Trevor Fetter: So it's very timely that we're having this discussion. If you apply these healthcare cost control disciplines, how do you measure performance? How do you analyze the performance of a firm, either from the inside or the outside? And then the cost control part really gets to the management and governance of the organization. And there are different ways of thinking about this question of cost control:
- It could be management systems and levers of control for managing the latitude that people have within the firm to make decisions and drive performance.
- It could be measurement and incentive systems that you have within the firm.
- Or even the governance with external regulators, markets, boards of directors, auditors.
All of this sort of infrastructure within corporations in our capitalist economy essentially enables people who have savings, to trust somebody else with their money to actually go and do something with it.
Trevor Fetter: And that is the essence of that course. So it's really about management, but it's also about learning the language of business, which is essentially accounting and financial statements. And, just by way of example, this case discussion that we're going to have tomorrow is within a hospital setting where the management of the hospital is looking at different procedures they perform and they're having difficulty figuring out the cost and profitability of the different procedures. Are they charging enough? Should they be charging more? Should they focus on reducing costs? Something's wrong and they're trying to figure it out. And all they have going into this is a method in which they're using a very primitive ratio of cost to charges, presumes that every type of procedure has the same cost structure as expressed as a percentage of what they're getting paid to do it. Which obviously just doesn't make any sense to anybody.
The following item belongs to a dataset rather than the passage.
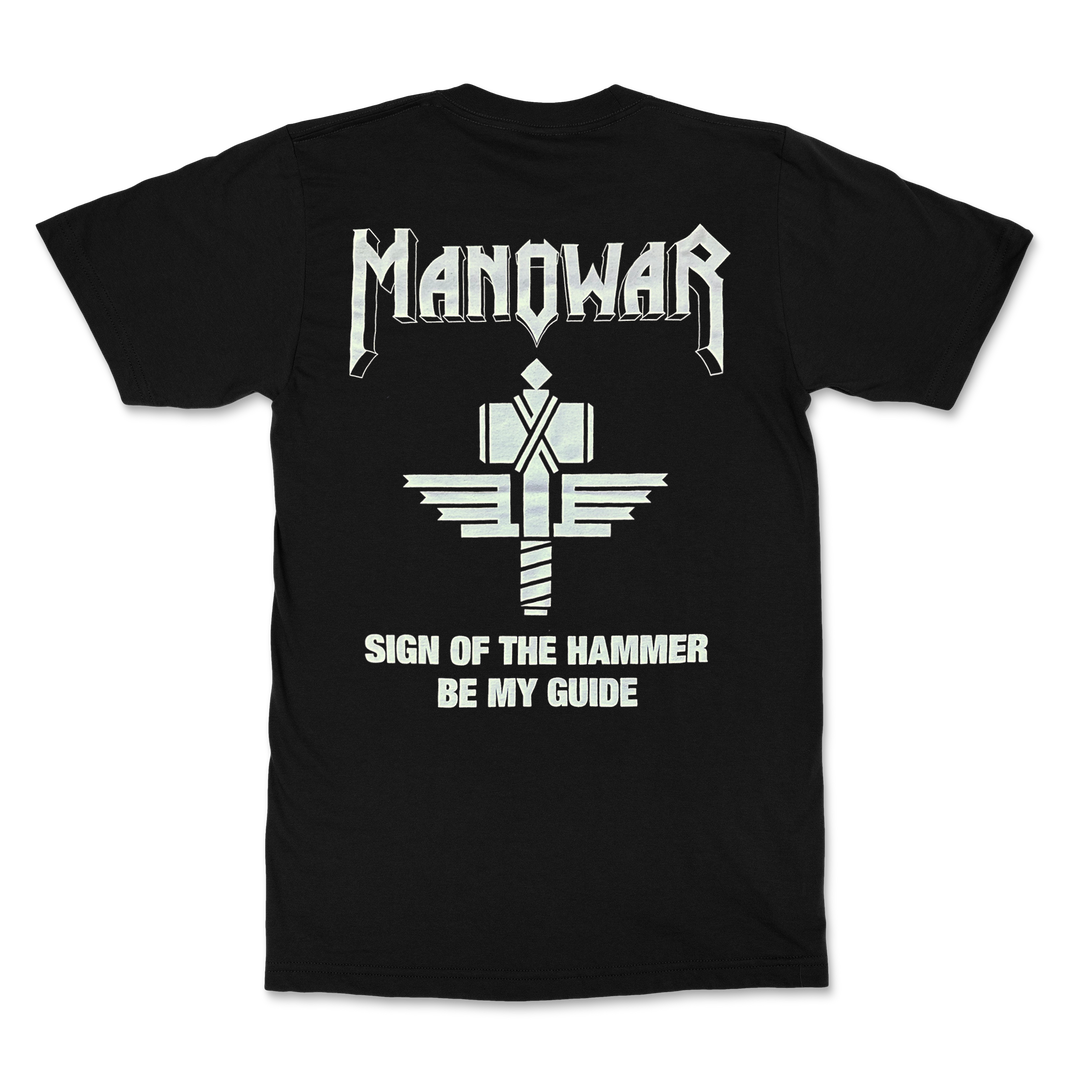 Manowar T-Shirt Sign Of The Hammer Be My Guide (white on black)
Trevor Fetter: So in their quest for cost control they start to examine the resources that go into the procedures and they come to some interesting conclusions about the relative profitability of the different services. Not that they're going to stop doing the unprofitable ones, because it's a children's hospital. They have a mission they're performing such as life changing surgeries on child patients. But it gives them insights into how they might change the utilization of resources. This is what I'm talking about - it’s at the heart of what Derek pioneered, and for our students, it's quite eye opening.
Derek Haas: Actually earlier this year, I had a related personal experience at Boston Children's Hospital. My one-year-old son had a flat spot in the back of his head. And so we went into Boston Children's and went through the process to get a helmet fitted for him and then go back for multiple visits. And so, it was kind of surreal to be living that experience after having been teaching that case previously.
Trevor Fetter: And were you keeping track of how much time the clinicians were spending on your son and what that might be costing or were you more concerned about something else?
Derek Haas: I must say they were pretty efficient, so I was excited to see that they have a well-oiled machine at this point in time.
Healthcare Cost Control – Using Data to Drive Meaningful Improvements
Trevor Fetter: Well, Suzanne, you have a lot of experience in these settings. How much does healthcare cost control really figure into the equation of when you're thinking about the procedures that your organization is performing and what you ought to be charging. And one of my beliefs about hospitals in general is that there are sort of limitless opportunities to reduce cost and approve efficiency that's good for the patients, but you're putting that into practice every day, on the ground, in a real setting. Maybe you could speak about that.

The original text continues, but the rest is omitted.